An offer may consist of:

  1. a single offer proposing a purchase of the target securities, an exchange for existing securities or securities to be issued, or a payment in cash and securities;

  2. an alternative offer;

  3. a principal offer with one or more non-severable subordinate options.

Where the securities provided in exchange are not liquid securities admitted to trading on a regulated market in a Member State of the European Union or a State party to the EEA Agreement, the offer must include a cash option.

If, in the twelve months before the offer is filed, the offeror, acting alone or in concert, has purchased, for cash, securities giving it more than 5% of the shares or voting rights of the target company, the offer must include a cash option.

Where the offer consists of an alternative offer or a single offer proposing payment in cash and securities, the AMF shall assess the validity of the offeror's designation of it as a public cash offer or public exchange offer.
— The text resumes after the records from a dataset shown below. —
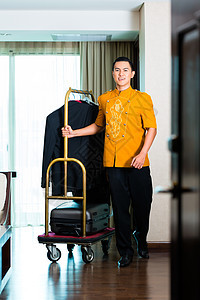 亚洲钟男孩拉箱子面包车的肖像员工手提箱房间酒店成人行李搬运工服务男人旅馆图片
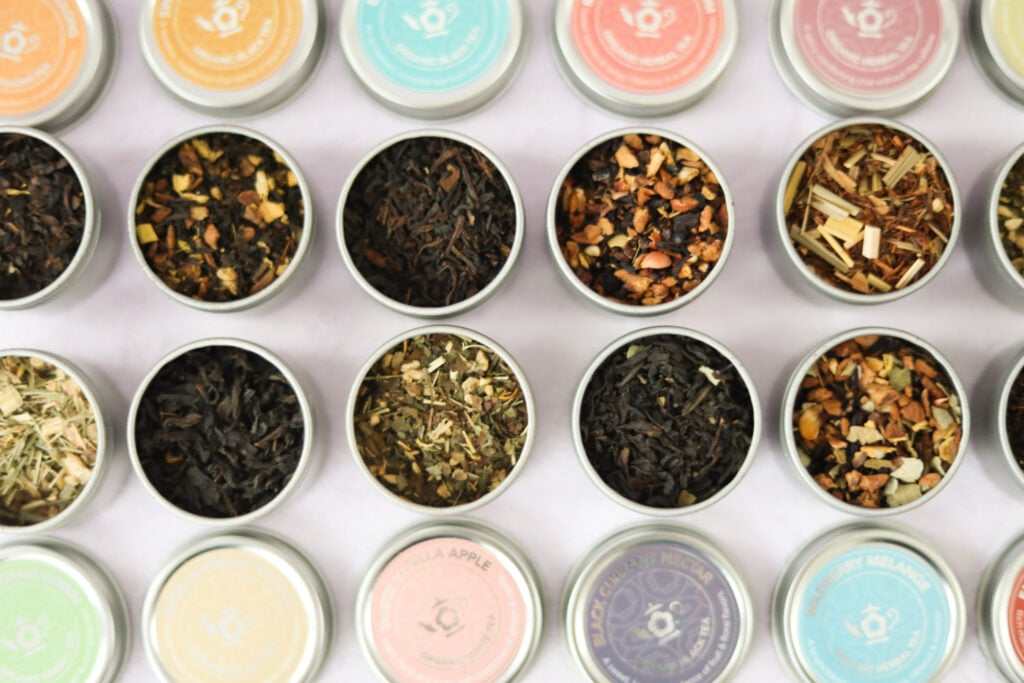 A closeup of small loose-leaf tea canisters as part of a collection for the best tea gift ideas for tea lovers.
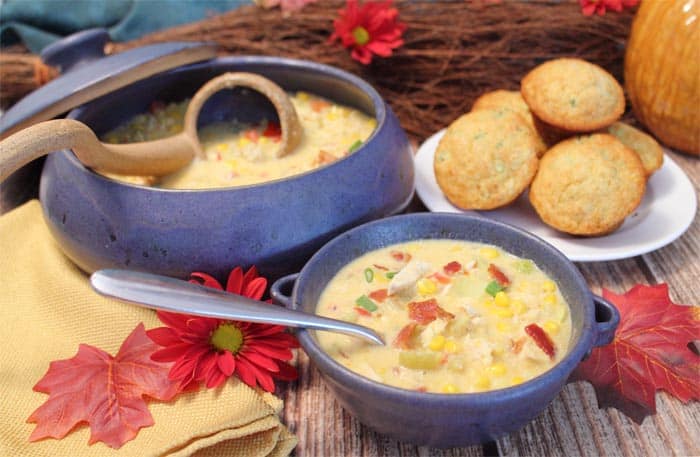 Corn chowder in blue bowl with corn muffins and larger bowl with ladle.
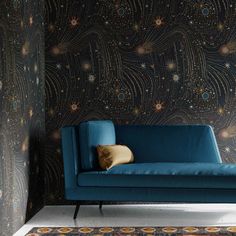 a blue couch sitting in front of a wall with stars and swirls on it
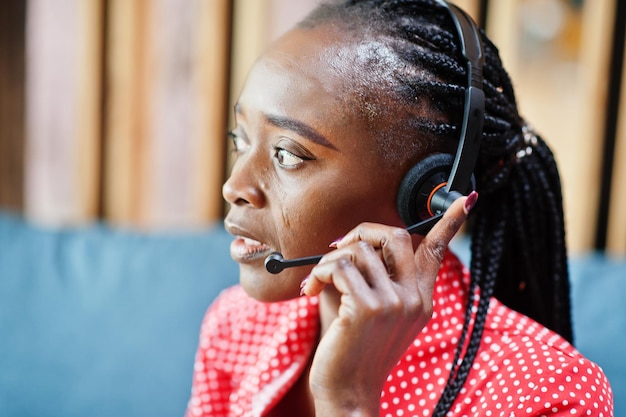 Afroamerykanka pracuje w call center operatora i agenta obsługi klienta, nosząc słuchawki z mikrofonem, pracując na laptopie
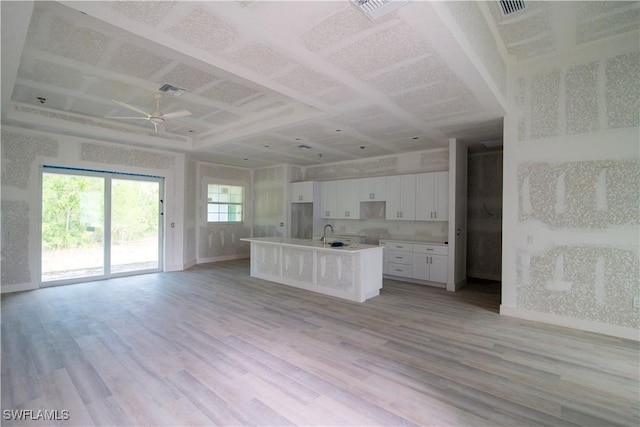 kitchen featuring a kitchen island with sink, open floor plan, white cabinets, and light wood finished floors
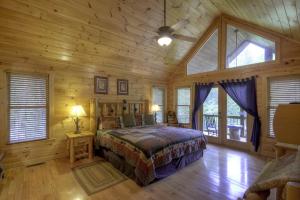 ein Schlafzimmer mit einem Bett in einer Holzhütte in der Unterkunft Go Fish- Fightingtown Creek Frontage in McCaysville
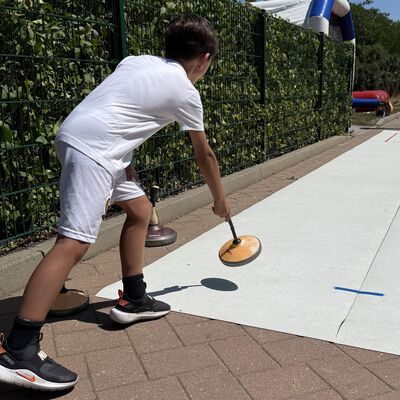 Bild vergr&ouml;&szlig;ern: Das Foto zeigt einen Jungen beim Curling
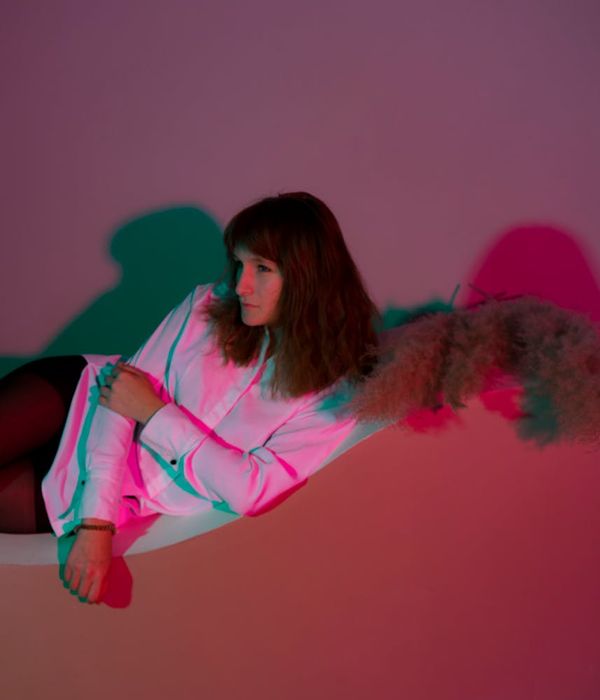 Woman in a calm yoga pose, focusing on breathing, in a dark studio with lime green light.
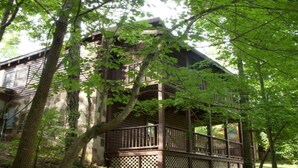 A wooden cabin with a balcony, surrounded by trees. - ARCADE GAMES💥Recent Peacock Sightings💥May weekdays up till the 21th $75 to $85 (Pigeon Forge)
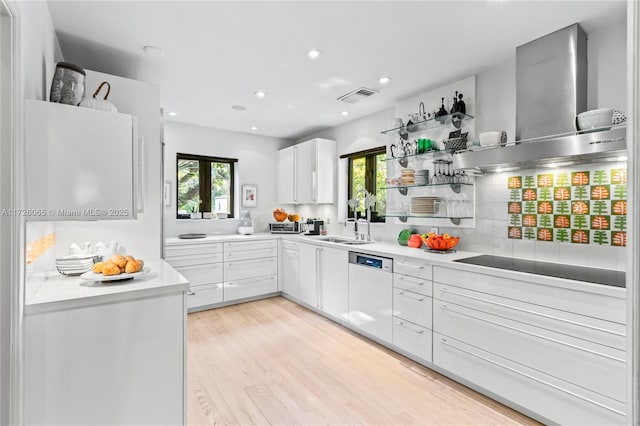 kitchen featuring white cabinetry, light hardwood / wood-style floors, white dishwasher, wall chimney range hood, and sink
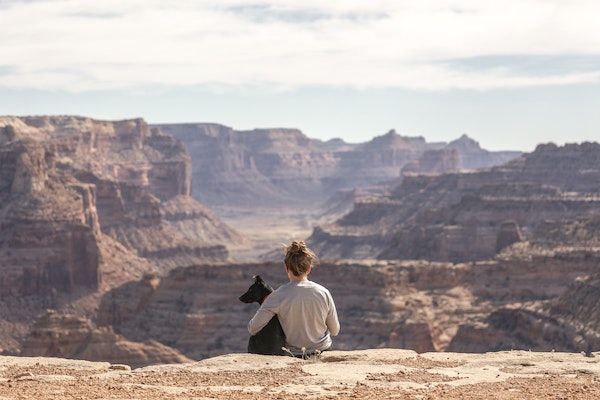 girl and dog hugging at view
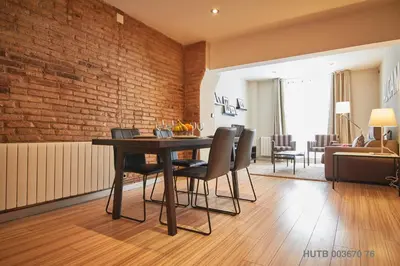 a dining room with a brick wall and a table and chairs at Alcam Alio 1 in Barcelona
The offeror may give holders the option of selling their securities at a later date, provided that the option is exercisable within a reasonable time, that it is subordinate to the principal offer, and that exercise of the option

is unconditionally guaranteed by the institution sponsoring the offer as defined in Article 231-13. Any arrangements that consist in offering payment at a later date of the difference between the future market price and the future offer price must contain guarantees and advantages equivalent to those of a deferred sale.